• **Problem to solve**: Repeat all of the data below word for word, keeping no images.

• **Recorded information**:

--

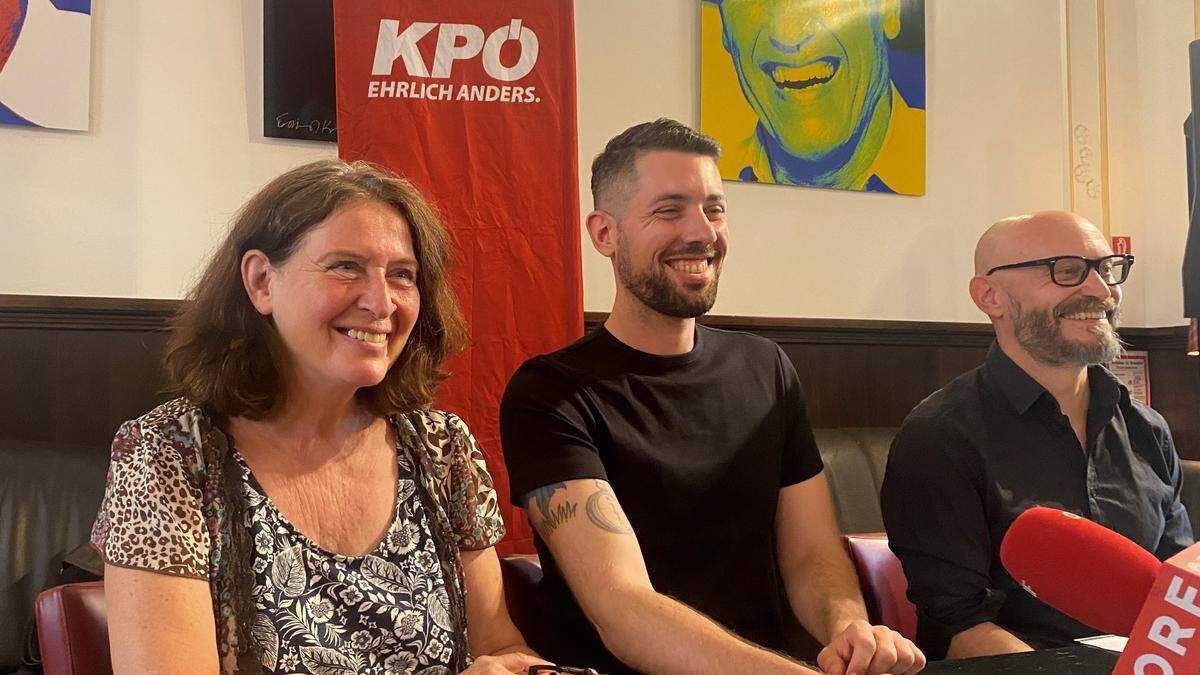 Bürgermeisterin Elke Kahr, KPÖ-Spitzenkandidat Tobias Schweiger und der steirische Listenerste Hanno Wisiak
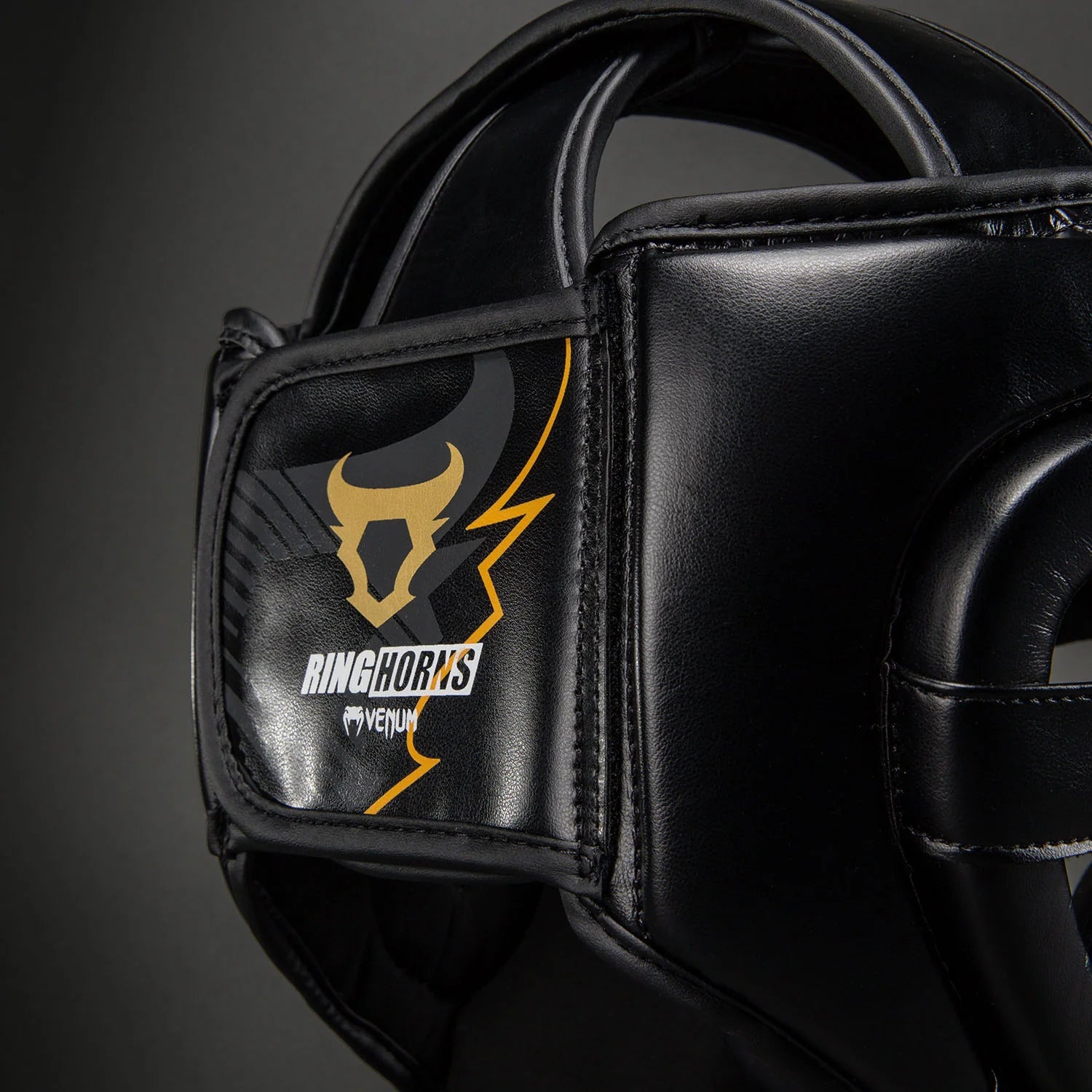 Ringhorns Charger Black/Gold čelada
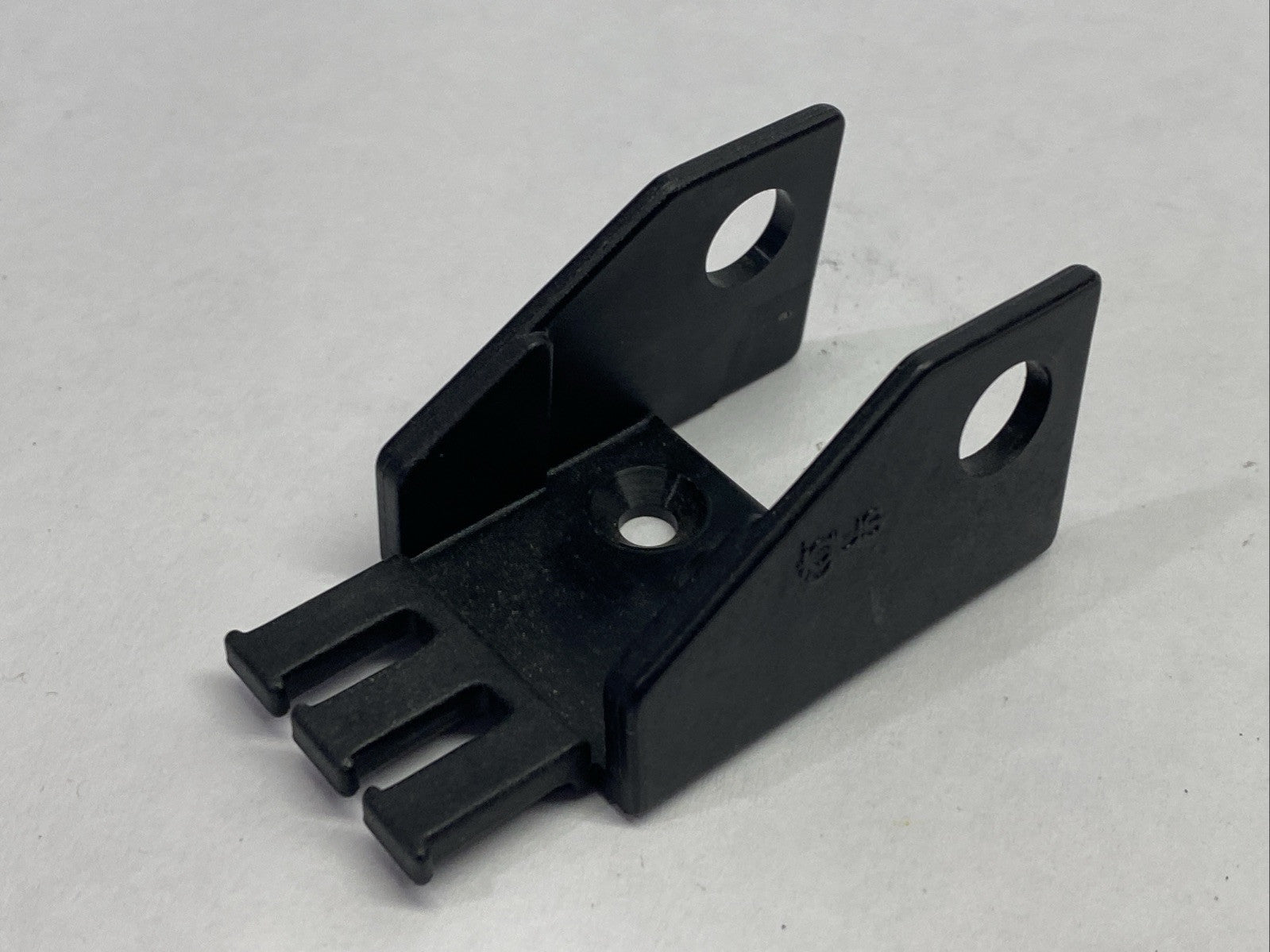 Igus 117-2-12PZ B17 Series Energy Chain Mounting Brackets Male/Female - Maverick Industrial Sales
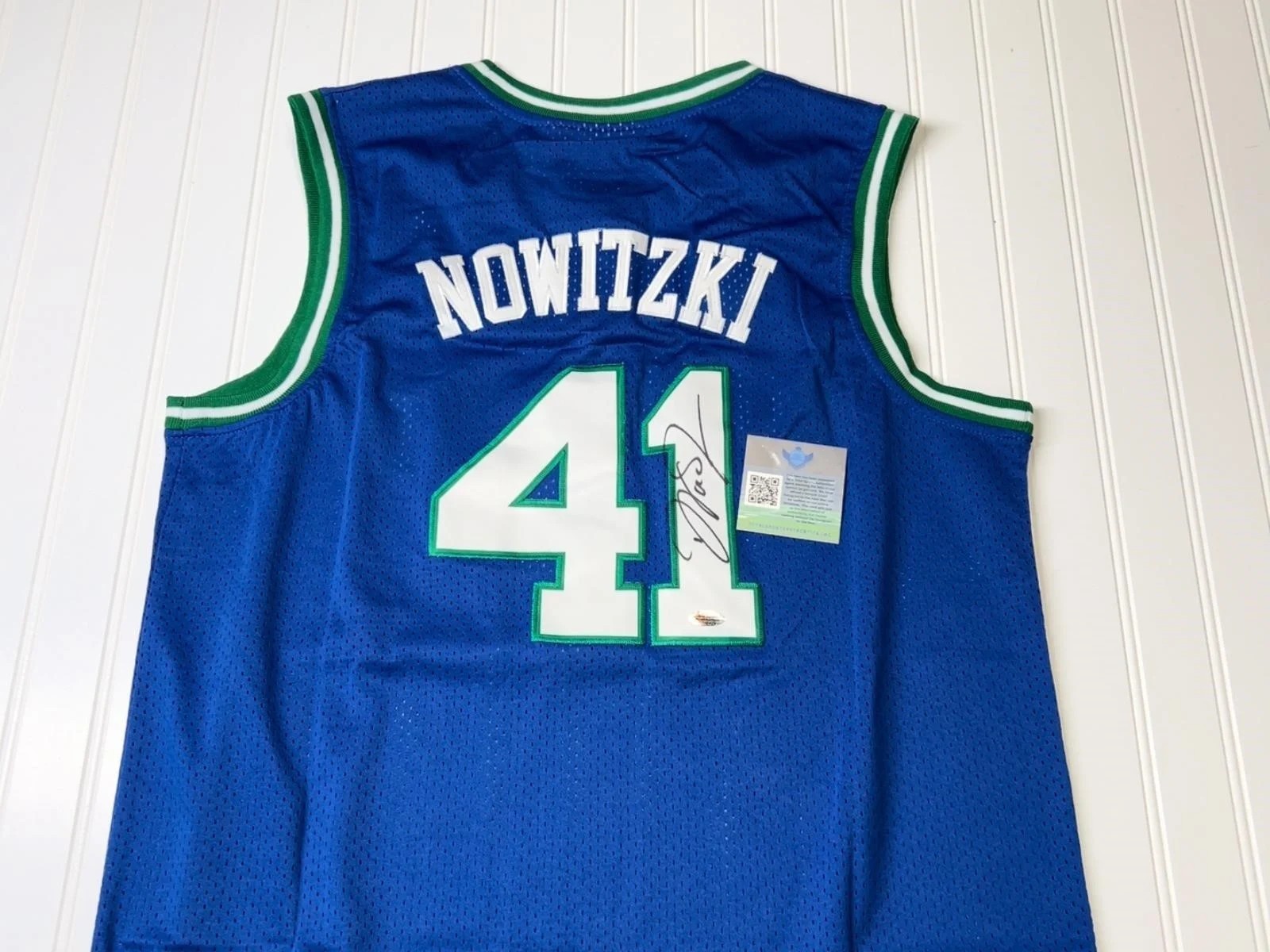 Dirk Nowitzki Signed Jersey #41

--

• **Expected answer**:
 Bürgermeisterin Elke Kahr, KPÖ-Spitzenkandidat Tobias Schweiger und der steirische Listenerste Hanno Wisiak
 Ringhorns Charger Black/Gold čelada
 Igus 117-2-12PZ B17 Series Energy Chain Mounting Brackets Male/Female - Maverick Industrial Sales
 Dirk Nowitzki Signed Jersey #41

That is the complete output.